# Raw aluminum sealant



## thefunk` (Nov 28, 2006)

Would anyone know of, or recommend a sealant for polished raw aluminum? I once polished a set of door handles to a mirror shine, only to see them begin to oxidize over time. I am currently using nevr-dull, which did not work well at all. I don't want to clear coat them either.
Thanks.


----------



## where_2 (Jul 21, 2003)

*Re: Raw aluminum sealant (thefunk`)*

Like they said in the Karate Kid Movie: Wax On...


----------



## randyvr6 (Aug 17, 1999)

*Re: Raw aluminum sealant (where_2)*

I have never used it , but there is something called Zoop Seal that I have heard a lot of good things about. It is pretty expensive however.


----------



## thefunk` (Nov 28, 2006)

*Re: Raw aluminum sealant (randyvr6)*

Yeah I've hear of zoop as well, about $100 bucks for the sealer kit. I'm looking for something a bit cheaper ($20-$40 dollar range).


----------



## randyvr6 (Aug 17, 1999)

*Re: Raw aluminum sealant (thefunk`)*

I know you don't really want clear coat but POR15 has a product that sounds good. I haven't tried it yet myself. 
http://www.por15.com/GLISTEN-PC/productinfo/GPCGG/


----------



## dsgnbld (Aug 26, 2004)

*Re: Raw aluminum sealant (randyvr6)*


_Quote, originally posted by *randyvr6* »_I know you don't really want clear coat but POR15 has a product that sounds good.
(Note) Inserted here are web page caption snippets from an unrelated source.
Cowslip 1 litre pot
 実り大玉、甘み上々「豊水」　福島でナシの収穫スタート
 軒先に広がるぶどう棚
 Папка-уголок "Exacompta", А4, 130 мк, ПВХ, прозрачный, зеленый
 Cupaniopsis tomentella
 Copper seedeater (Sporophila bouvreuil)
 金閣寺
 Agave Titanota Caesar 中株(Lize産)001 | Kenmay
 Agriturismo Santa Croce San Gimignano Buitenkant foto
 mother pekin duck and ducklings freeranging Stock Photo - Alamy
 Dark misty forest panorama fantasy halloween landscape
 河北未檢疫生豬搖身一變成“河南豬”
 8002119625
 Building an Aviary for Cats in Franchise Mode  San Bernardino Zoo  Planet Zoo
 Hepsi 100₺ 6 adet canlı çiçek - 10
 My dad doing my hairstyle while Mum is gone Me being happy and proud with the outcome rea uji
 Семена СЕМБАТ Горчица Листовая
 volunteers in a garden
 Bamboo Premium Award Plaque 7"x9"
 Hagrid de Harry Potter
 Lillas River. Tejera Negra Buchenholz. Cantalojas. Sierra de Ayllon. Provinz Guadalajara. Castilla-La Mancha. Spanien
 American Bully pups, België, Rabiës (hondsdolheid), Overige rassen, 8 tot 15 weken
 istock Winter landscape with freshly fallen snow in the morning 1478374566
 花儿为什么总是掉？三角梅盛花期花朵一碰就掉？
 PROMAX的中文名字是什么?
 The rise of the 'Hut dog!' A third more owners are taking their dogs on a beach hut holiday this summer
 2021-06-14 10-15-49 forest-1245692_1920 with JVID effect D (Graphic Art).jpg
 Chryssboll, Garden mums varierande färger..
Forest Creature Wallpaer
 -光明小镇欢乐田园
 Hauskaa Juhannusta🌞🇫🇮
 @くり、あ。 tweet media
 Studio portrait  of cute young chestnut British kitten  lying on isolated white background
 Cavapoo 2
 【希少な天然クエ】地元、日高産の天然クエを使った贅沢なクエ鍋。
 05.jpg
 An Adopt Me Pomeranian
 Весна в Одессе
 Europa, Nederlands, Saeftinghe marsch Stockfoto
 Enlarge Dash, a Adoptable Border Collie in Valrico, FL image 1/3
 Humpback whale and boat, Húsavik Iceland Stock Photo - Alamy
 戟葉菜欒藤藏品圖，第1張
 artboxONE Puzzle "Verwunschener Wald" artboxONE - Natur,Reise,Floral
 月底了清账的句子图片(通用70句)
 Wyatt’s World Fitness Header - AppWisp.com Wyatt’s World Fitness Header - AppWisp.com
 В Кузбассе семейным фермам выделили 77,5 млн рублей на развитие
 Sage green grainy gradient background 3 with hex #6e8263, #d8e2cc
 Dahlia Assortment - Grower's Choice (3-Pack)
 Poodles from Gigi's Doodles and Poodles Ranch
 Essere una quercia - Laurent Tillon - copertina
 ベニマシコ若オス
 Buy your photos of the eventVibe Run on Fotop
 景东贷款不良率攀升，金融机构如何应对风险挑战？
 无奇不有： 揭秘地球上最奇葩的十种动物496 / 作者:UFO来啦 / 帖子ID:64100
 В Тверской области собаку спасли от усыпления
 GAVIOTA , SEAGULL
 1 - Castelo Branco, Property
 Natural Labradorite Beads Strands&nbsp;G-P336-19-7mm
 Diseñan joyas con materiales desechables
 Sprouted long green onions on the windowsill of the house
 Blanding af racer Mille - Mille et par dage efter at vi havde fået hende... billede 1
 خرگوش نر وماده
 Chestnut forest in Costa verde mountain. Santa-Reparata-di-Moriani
I haven't tried it yet myself. 
http://www.por15.com/GLISTEN-PC/productinfo/GPCGG/

POR15 http://****************.com/smile/emthup.gif http://****************.com/smile/emthup.gif -Excellent products


----------



## dr.chop (Apr 8, 2009)

go with zoop...works like a champ and is worth the money. don't skimp, polishing is more costly...Plus, they are a local company to me...Like 10 minutes up the freeway


----------